ものすごく驚いていたなぁ。カズミが乗馬を苦手とする理由がわかった、と、真顔で言われて噴き出しそうになった。
武井先生にもちゃんと挨拶をした。
…また失敗して戻ってくる可能性もあるけれど、けじめとして。
厄介事から離れられてちょっとほっとした顔をしていた。先生、頑張れ!と無性に応援したくなる人だ。
「シゼル隊長、身体が辛かったら遠慮なくつかまってくださいね」
タクシーから降りて、あまりきれいとは言えない細い小道へ入っていく。
場所が選べないのが残念だ。
もしかしたら転移の起点は何処でも成功するのかもしれないけど。
やはり世界が異なるせいか、こちらで発動する魔学は思う通りにならず、威力は極端に目減りしていた。できるだけ成功率が高くなる条件を整えておかないと、目も当てられない事態に陥りそうだ。
…う、緊張してきた。
これで駄目だったら…。
いやいや! そんな嫌な事は考えない! 強気で行こう! 強気で!
「じゃあ、始めますね」
「わかった。頼む」
シゼル隊長はほんの一週間ほどでこちらがぎょっとするほど言葉を理解できるようになった。
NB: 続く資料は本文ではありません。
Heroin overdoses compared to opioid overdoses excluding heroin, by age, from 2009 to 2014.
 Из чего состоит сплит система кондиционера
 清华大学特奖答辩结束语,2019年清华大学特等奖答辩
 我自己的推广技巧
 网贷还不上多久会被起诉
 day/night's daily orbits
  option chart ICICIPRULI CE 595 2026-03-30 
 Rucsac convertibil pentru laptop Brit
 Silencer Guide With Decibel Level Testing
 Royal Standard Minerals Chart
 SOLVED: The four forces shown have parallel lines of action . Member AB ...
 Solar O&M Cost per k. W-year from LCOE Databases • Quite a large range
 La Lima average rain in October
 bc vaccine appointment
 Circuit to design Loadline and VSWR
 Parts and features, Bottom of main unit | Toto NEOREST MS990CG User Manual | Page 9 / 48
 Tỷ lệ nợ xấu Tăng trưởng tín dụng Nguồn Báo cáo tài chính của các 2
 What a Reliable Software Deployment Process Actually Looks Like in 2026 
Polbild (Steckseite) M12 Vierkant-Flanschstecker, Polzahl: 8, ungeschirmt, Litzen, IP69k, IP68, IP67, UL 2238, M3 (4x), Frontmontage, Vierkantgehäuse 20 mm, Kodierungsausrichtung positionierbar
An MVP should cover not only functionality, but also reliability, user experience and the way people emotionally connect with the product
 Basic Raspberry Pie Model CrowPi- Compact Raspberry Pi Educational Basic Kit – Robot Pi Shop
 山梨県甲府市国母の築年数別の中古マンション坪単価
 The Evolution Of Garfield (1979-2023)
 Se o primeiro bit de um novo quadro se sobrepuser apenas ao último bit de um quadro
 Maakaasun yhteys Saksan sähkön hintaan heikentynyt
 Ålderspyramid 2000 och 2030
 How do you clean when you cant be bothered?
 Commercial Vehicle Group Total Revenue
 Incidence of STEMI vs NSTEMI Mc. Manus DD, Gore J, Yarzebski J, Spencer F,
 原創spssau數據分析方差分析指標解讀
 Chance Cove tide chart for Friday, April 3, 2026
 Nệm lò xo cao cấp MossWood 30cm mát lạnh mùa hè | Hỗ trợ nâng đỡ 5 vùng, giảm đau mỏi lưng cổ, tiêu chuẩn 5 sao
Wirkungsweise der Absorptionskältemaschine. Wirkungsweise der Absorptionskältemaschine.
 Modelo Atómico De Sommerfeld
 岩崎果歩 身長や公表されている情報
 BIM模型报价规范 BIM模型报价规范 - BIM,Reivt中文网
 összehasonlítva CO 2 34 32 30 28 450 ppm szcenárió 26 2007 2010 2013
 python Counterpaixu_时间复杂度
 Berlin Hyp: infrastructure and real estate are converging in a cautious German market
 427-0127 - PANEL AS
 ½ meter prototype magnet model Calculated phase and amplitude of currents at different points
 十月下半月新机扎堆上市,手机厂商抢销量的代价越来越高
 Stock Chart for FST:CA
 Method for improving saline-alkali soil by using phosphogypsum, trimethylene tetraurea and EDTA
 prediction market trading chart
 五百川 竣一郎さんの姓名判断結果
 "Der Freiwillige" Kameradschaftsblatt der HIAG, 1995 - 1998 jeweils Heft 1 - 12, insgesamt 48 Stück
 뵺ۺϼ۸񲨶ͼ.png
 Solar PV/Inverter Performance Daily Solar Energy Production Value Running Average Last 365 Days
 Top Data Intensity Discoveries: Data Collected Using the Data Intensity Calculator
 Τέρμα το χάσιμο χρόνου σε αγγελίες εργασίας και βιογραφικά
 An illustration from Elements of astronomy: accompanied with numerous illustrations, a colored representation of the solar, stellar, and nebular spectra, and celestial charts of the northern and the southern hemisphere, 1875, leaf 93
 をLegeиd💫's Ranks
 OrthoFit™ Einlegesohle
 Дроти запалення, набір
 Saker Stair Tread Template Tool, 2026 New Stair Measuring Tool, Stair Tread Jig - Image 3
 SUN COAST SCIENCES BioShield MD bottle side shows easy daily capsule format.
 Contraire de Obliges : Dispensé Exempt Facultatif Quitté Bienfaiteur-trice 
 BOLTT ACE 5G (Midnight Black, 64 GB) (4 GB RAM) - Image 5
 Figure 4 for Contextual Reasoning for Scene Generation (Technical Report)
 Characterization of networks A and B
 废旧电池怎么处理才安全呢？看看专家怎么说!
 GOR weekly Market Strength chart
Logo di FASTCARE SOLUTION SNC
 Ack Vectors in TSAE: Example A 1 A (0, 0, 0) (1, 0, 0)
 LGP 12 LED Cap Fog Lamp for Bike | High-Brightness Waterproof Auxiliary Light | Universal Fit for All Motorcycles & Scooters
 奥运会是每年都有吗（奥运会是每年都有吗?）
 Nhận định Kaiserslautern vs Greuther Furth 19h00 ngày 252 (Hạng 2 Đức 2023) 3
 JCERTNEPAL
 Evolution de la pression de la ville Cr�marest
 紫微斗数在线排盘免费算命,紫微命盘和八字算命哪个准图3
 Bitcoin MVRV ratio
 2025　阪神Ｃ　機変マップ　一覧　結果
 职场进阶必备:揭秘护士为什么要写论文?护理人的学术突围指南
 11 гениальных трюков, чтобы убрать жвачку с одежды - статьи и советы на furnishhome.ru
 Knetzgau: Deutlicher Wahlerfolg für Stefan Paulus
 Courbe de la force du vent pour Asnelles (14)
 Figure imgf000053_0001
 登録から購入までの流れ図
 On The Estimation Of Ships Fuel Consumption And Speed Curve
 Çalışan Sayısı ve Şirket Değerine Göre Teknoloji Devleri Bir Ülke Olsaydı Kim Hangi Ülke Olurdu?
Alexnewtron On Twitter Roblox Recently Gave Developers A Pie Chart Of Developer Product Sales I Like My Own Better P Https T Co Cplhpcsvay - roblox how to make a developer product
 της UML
携帯テレビで学習したって言ってたけど、じいちゃんと釣りの話で普通に盛り上がっていた時には、思わず目を疑ったよ。
「ええと、転移するために私の周りの空間を繋げますので、できるだけ近くに来てください」
「わかった。これでいいか?」
「そうですね…なるべくくっついた方がこちらの負担が少ないので、うーん、どうしようかな」
手でも繋ごうかと考えていると、するりと腰に腕が廻された。
…お?
横にいたシゼル隊長に自然と引き寄せられて、寄り添うようなかたちになる。
「これならいいか」
「え、あ、はい!」
斜め背後に立っている隊長の肩に頭が当たっている。…とてつもなく近い。
うっかり離れ離れにならないように、しっかりとつかまってもらうのは望む所なんだけど、この体勢は…。
そういえば、ゼイアスの人たちってどっちかといえば西洋系の生活スタイルだったような。つまりシゼル隊長だって照れもなく、こういう事を平然とやってしまえるわけで…。
…何だろう、この追い詰められた気分は。
自分から言い出したくせに、やってしまった感が否めない…!
あああああ。
いやいやいや、深く考えるのは止めて、さっさとやろう!
「始めます!」
風の神に捧げる誓印をいつもより丁寧に描く。
「其は風の導―――此れをもって約と為す―――是と承すれば開門せよ!」
高らかに詠じれば、その瞬間、真正面から襲い掛かるかのように強い風が吹き付けてきた。
目を開けていられない。シゼル隊長の腕に力がこもるのがわかる。
―――来る!
そう感じた瞬間、身体から体重が失われたような奇妙な浮遊感に引きずり込まれた。